@gaurav. They way I see it it's O(nlogn)?
you have n/4 for each level of the recursion tree and logn height. In
total its O(nlogn)
On Feb 28, 9:27 pm, Vinay Pandey <babbupan...@gmail.com> wrote:
> Hi,
>
> Here is my solution, let me know:
>
> /* a helper function */
> void swap(int* arr, int index1, int index2) {
> /* this is only to swap to integers */
> arr[index1] = arr[index1]^arr[index2];
> arr[index2] = arr[index1]^arr[index2];
> arr[index1] = arr[index1]^arr[index2];
>
> }
>
> /* Actual switching */
> void switch(int* arr, int length) {
> if(length%2!=0 && length<2) {
> cout<<"Cannot switch in this case";
> return;}
>
> int index = length-1, first=0, second=0;
> bool flag = 0;
> while(index>=2) {
> if(flag == 0) {
> swap(arr, (index+1)/2, index);}
>
> if(flag == 1) {
> swap(arr, index/2 + 1, index);
> swap(arr, (index+1)/2, index);}
>
> index-=2;
> flag=(flag==0)?1:0;
>
>
>
>
>
>
>
> }
> }
> On Mon, Feb 28, 2011 at 4:32 PM, Dave <dave_and_da...@juno.com> wrote:
> > @Arpit: The problem is that for certain values of n, you get more than
> > one cycle, and the cycles are disjoint.
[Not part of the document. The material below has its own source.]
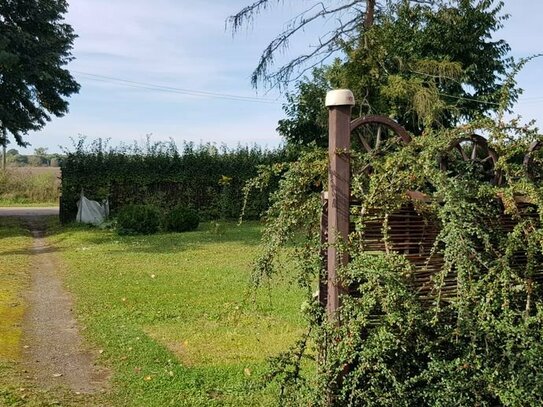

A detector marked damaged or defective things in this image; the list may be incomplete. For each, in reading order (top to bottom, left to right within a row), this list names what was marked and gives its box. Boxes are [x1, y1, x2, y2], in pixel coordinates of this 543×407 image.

rusty wagon wheel [350, 115, 410, 156]
rusty wagon wheel [440, 135, 504, 186]
rusty wagon wheel [524, 139, 543, 181]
You have to find all of the
> > disjoint cycles and move the elements in each one.
>
> > Dave
>
> > On Feb 28, 12:25 pm, Arpit Sood <soodfi...@gmail.com> wrote:
> > > well space complexity should be mentioned in the question then, anyway,
> > > start with the second element put it at its correct location(say x), then
> > > take x put it at its correct location, this was when you do this n-1
> > time,
> > > you will get the correct answer because it forms a cycle.
>
> > > On Mon, Feb 28, 2011 at 11:33 PM, bittu <shashank7andr...@gmail.com>
> > wrote:
> > > > @arpit otherwise it wont b amzon quest..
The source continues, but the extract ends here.